As crianças crescem. Aprendem cada vez pior a língua que falam. Crescem e algumas começam a mergulhar nos clássicos da literatura. Dizem que não há melhor treino para a destreza na utilização da língua materna. Ora esbarram nos clássicos que pertencem já a séculos distantes, boquiabertos diante do português arcaico; ora são conduzidos pelos professores às obras dos escritores contemporâneos. Em alguns casos ficam perplexos: não é que a escrita contemporânea atropela quase todas as convenções que andaram anos a fio a aprender na escola?
Ficam desorientados. Entre as cuidadosas convenções dos linguistas, que merecem tratos de polé, a língua de trapos dos escritores de antanho, e os escritores da modernidade que inventam a sua própria língua. Já para não contar com o destrate à língua pela forma da abreviada escrita em mensagens de telemóvel e emails. É – como dizê-lo? – esquizofrénico.

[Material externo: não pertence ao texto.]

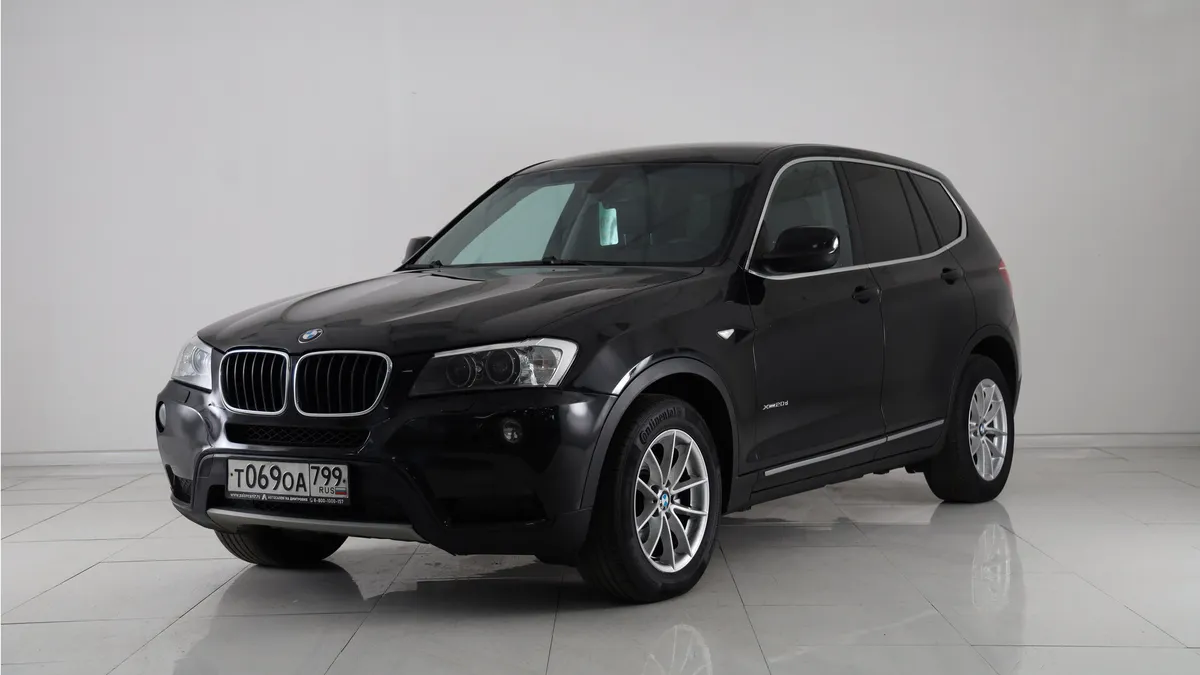BMW X3 II (F25) · xDrive20d
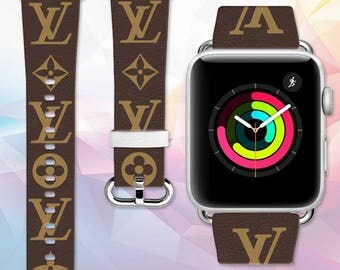 refurbished louis vuitton apple watch band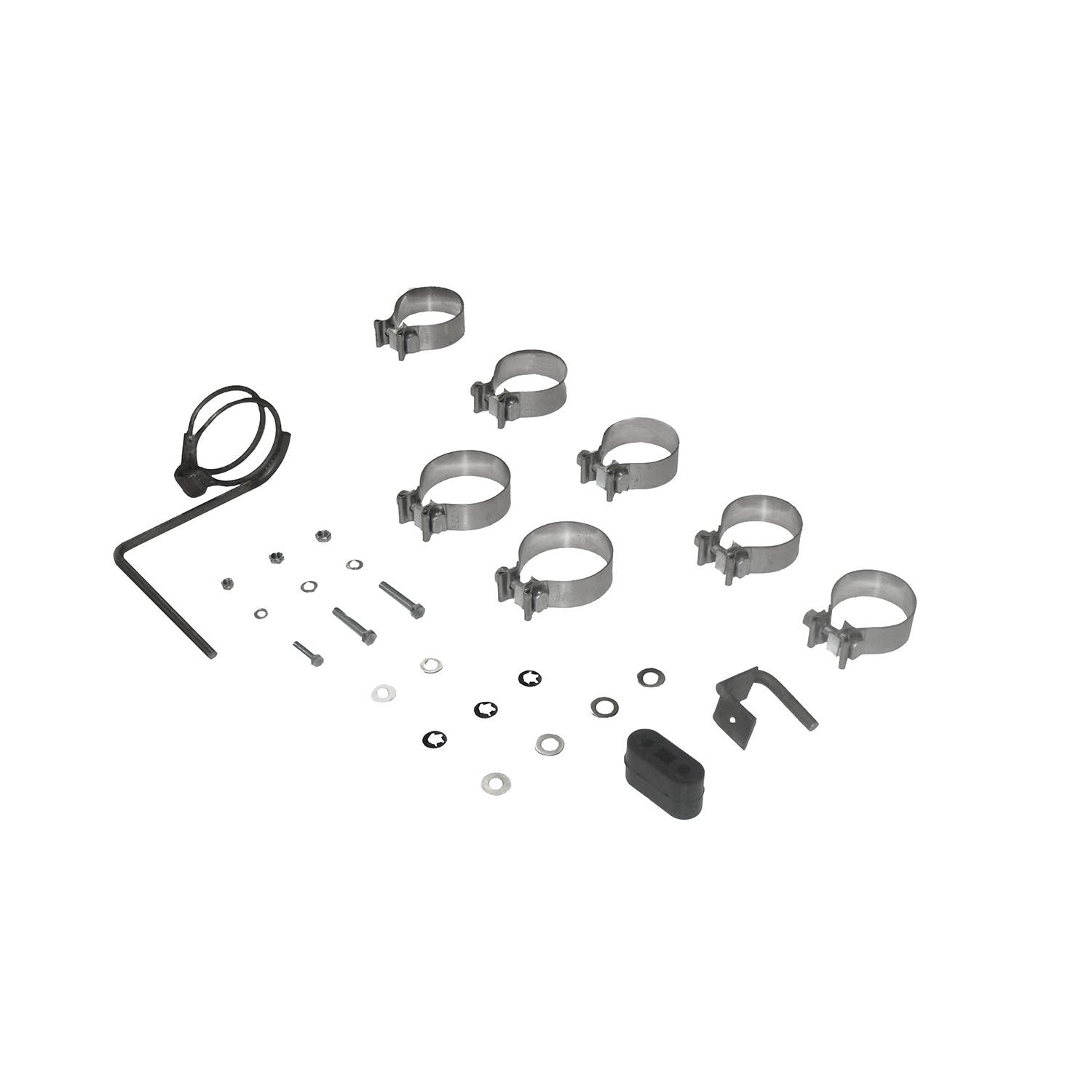 Flowmaster Force II Cat-back Exhaust System Front View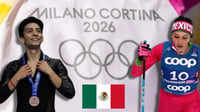 Horarios de los atletas mexicanos en Milano-Cortina 2026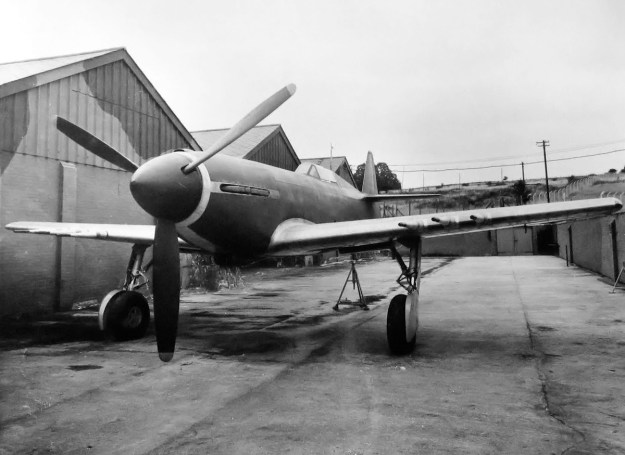 Martin-Baker MB3 Denham guns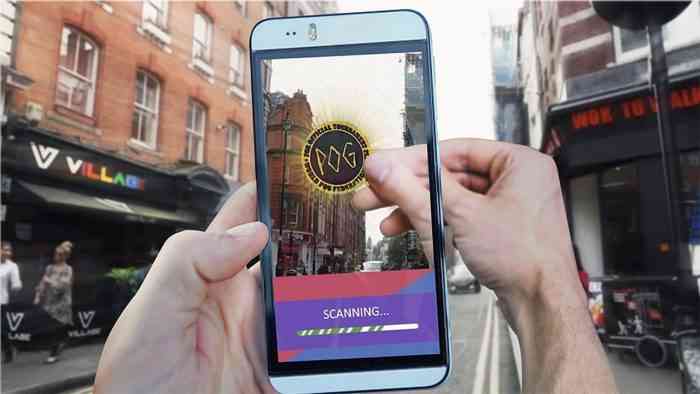 Pogs AR mobile game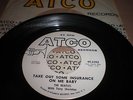 Beatles: Sweet Georgia Brown / Take Out Some Insurance On Me Baby / Promo - Atco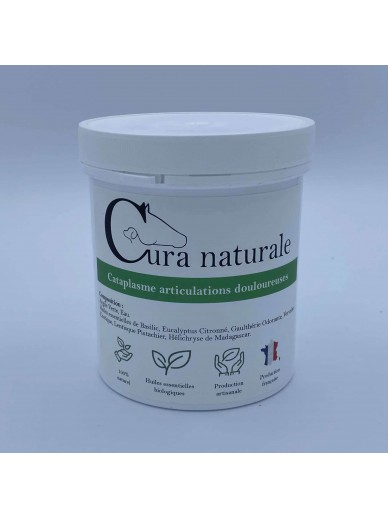 Cura Naturale - cataplasme articulations douloureuses - 750gr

Não admira que as gerações tenrinhas andem que nem baratas tontas, tão abundante o cardápio de variantes da língua materna que lhes é servido na escola.
Denunciar as suas fracas capacidades no uso da língua é o que se não deve fazer. Os iluminados da pedagogia experimental contrapõem que o amadurecimento convoca o enriquecimento de opções à disposição dos alunos. De uma assentada, fica explicada a esquizofrenia linguista que toma de assalto cabeças ainda imberbes. Vejamos o dilema na posição de um destes jovens: com tantas variantes da língua nativa, tantas regras gramaticais e os alçapões da ortografia, ainda vão esbarrar na escrita criativa dos hodiernos vultos da literatura. Andaram anos a aprender à força a colocar vírgulas e pontos finais no lugar certo das frases para depois lhes aparecer um professor encantado com um vulto da literatura moderna que dispensa as convenções da pontuação.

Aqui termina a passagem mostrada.